Make an exact copy, from the records below, of the lines from the line containing "Wunderschönes, privates Haus" to the line containing "Audi A3 SPB", both lines included, excluding pictures.

GIVEN DATA:
+++

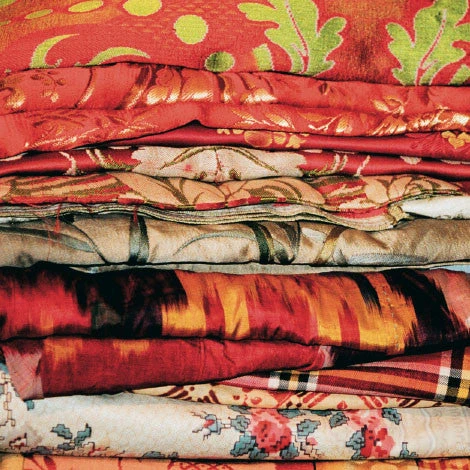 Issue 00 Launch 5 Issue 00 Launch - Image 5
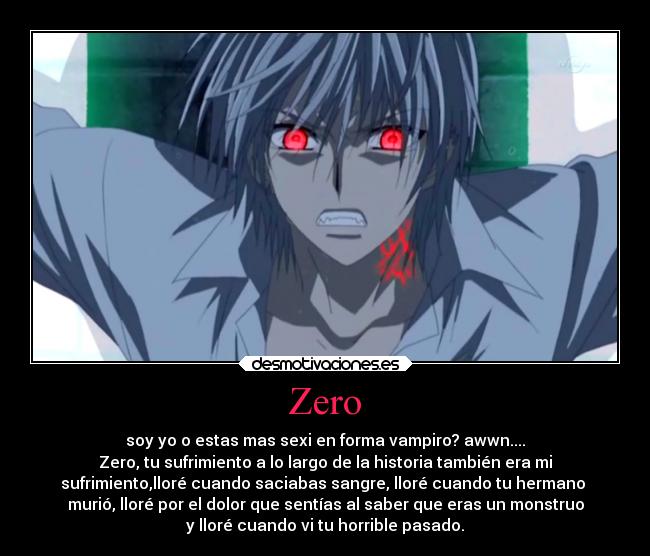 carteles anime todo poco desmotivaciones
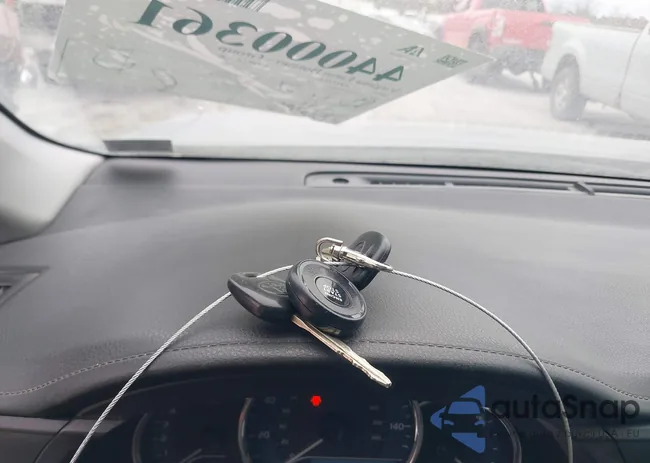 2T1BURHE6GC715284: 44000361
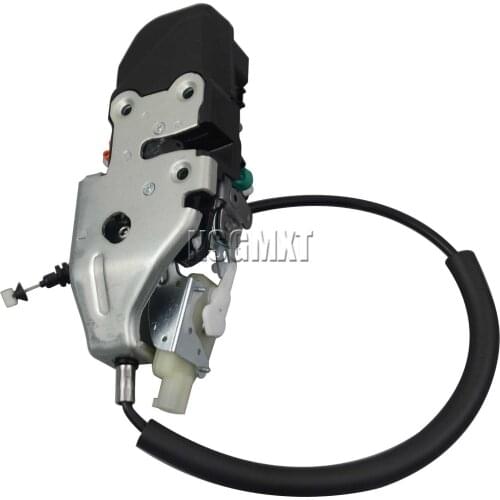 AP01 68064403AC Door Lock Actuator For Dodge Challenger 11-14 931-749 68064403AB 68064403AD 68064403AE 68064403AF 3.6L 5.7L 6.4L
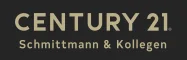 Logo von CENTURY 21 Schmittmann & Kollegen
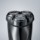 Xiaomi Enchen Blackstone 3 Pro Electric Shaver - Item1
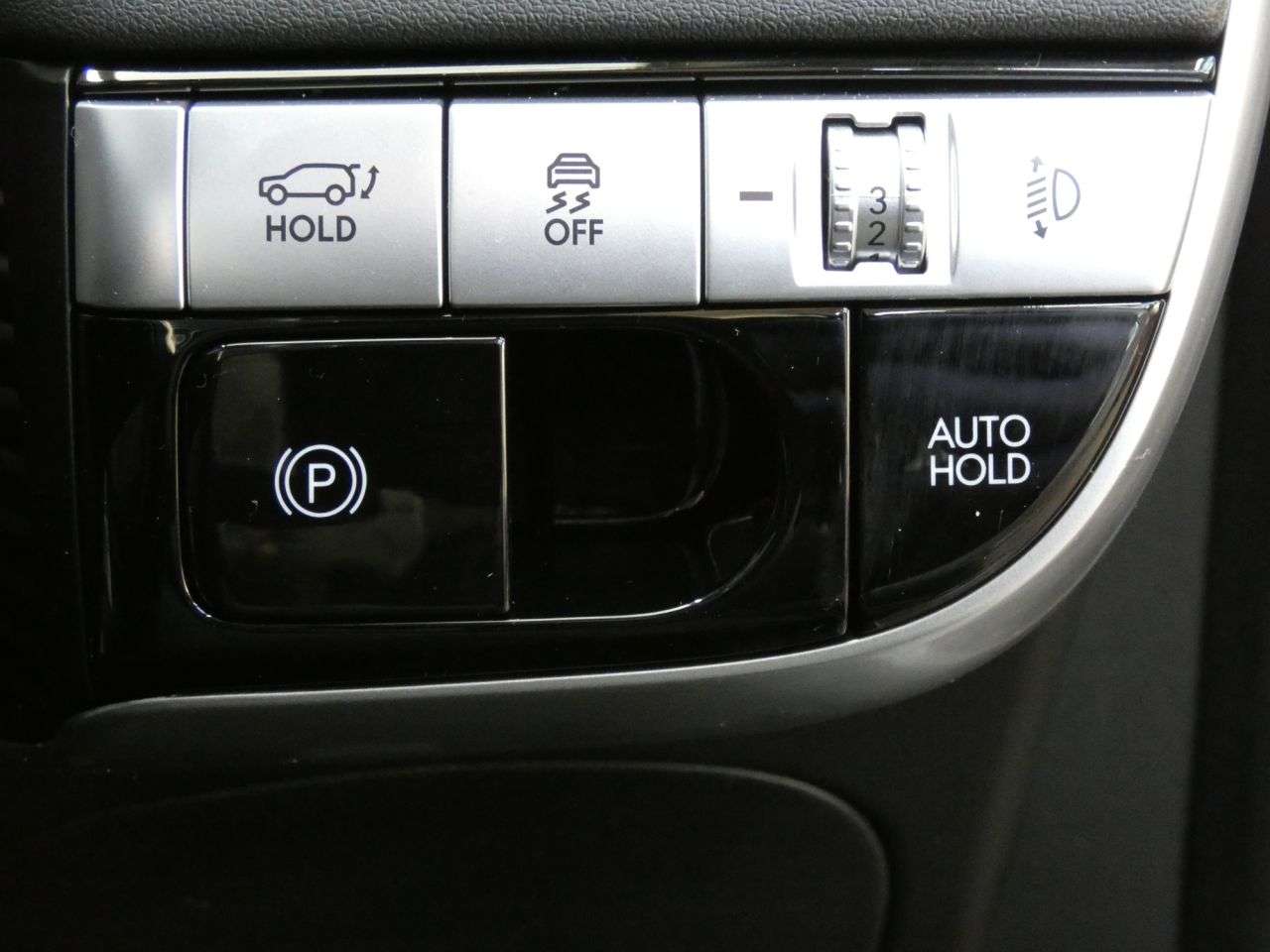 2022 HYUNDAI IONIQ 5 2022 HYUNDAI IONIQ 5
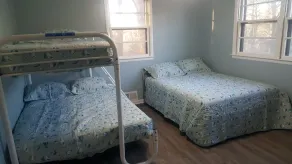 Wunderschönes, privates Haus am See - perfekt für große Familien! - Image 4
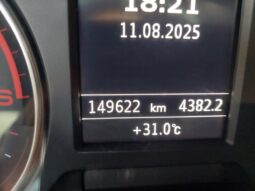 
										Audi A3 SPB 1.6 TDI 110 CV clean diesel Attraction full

+++

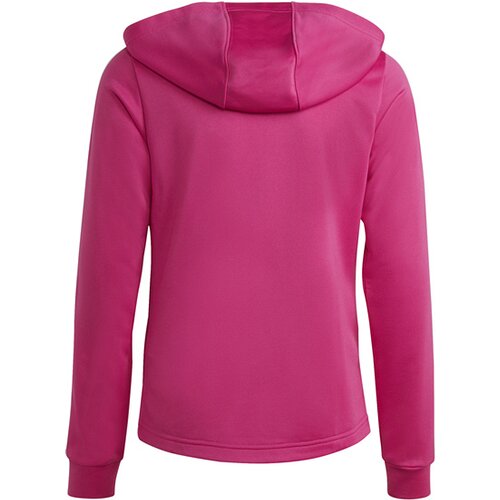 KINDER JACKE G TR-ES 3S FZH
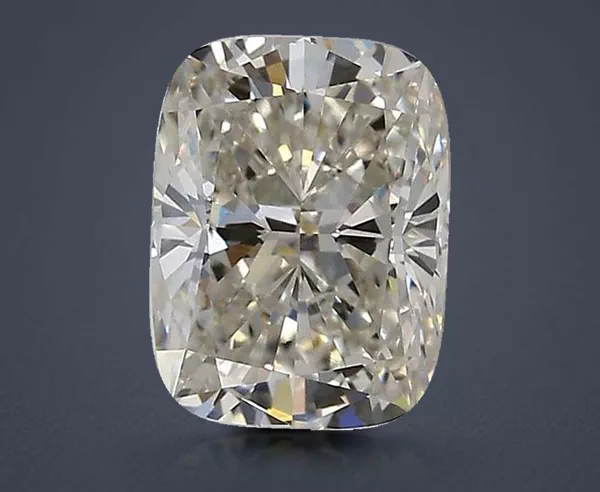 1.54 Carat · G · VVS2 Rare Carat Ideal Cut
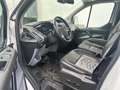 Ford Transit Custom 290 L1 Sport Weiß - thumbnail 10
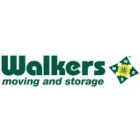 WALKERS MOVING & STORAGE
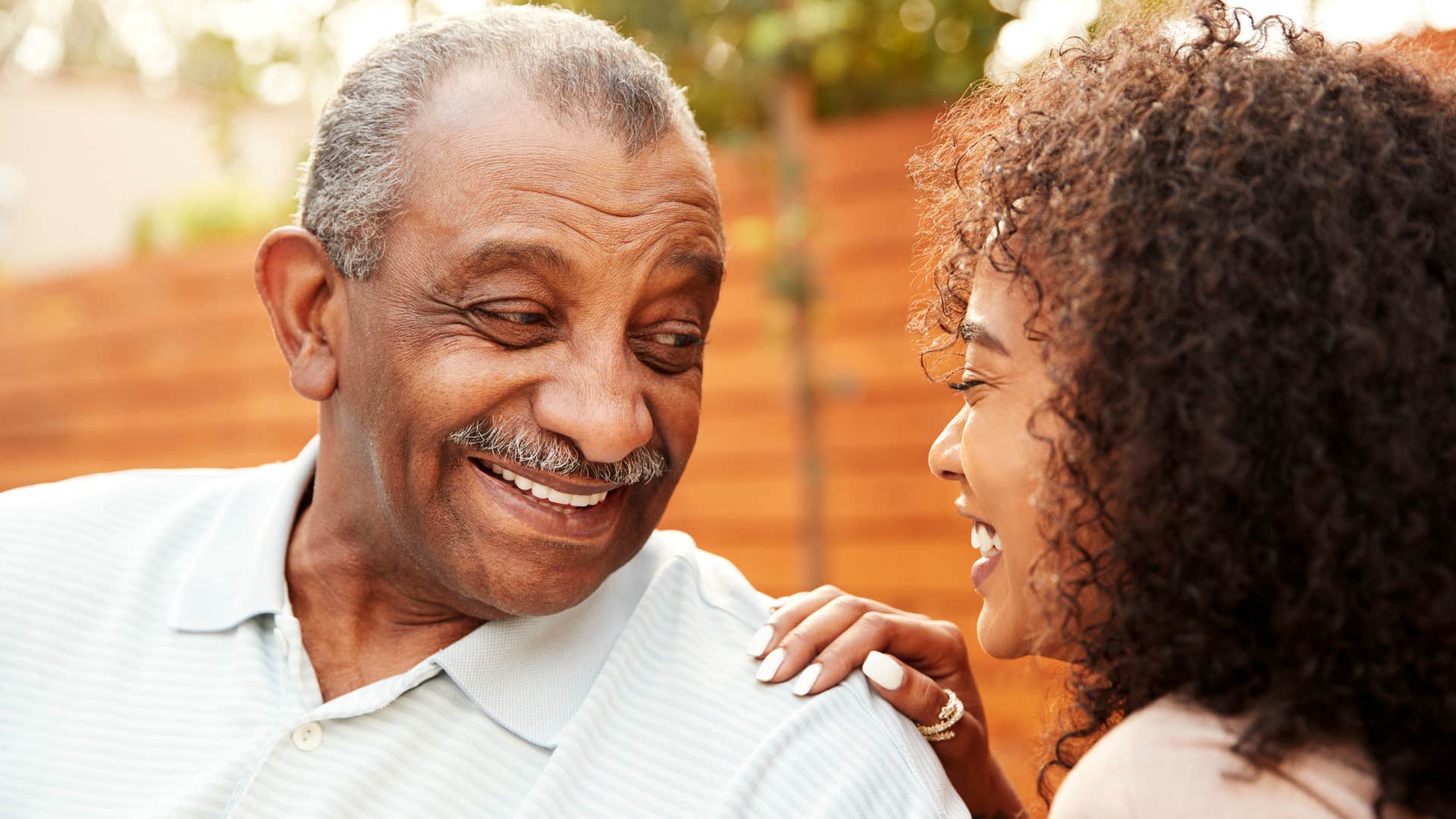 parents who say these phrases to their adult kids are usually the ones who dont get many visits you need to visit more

+++

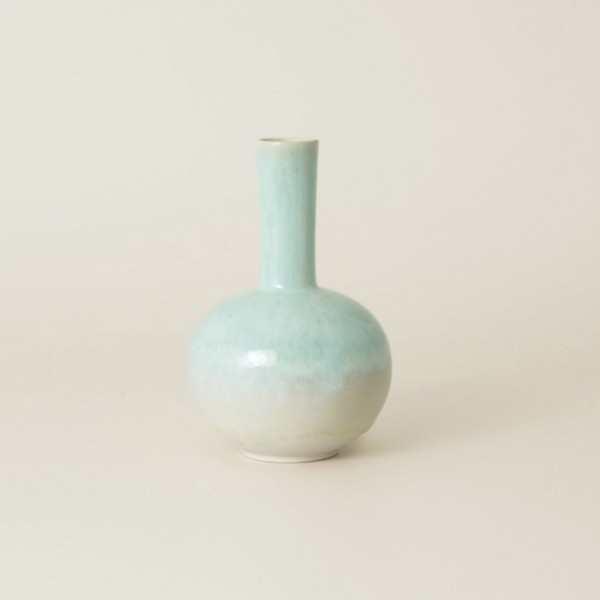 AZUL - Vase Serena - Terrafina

+++

SOLVED PROBLEM:
 Wunderschönes, privates Haus am See - perfekt für große Familien! - Image 4
										Audi A3 SPB 1.6 TDI 110 CV clean diesel Attraction full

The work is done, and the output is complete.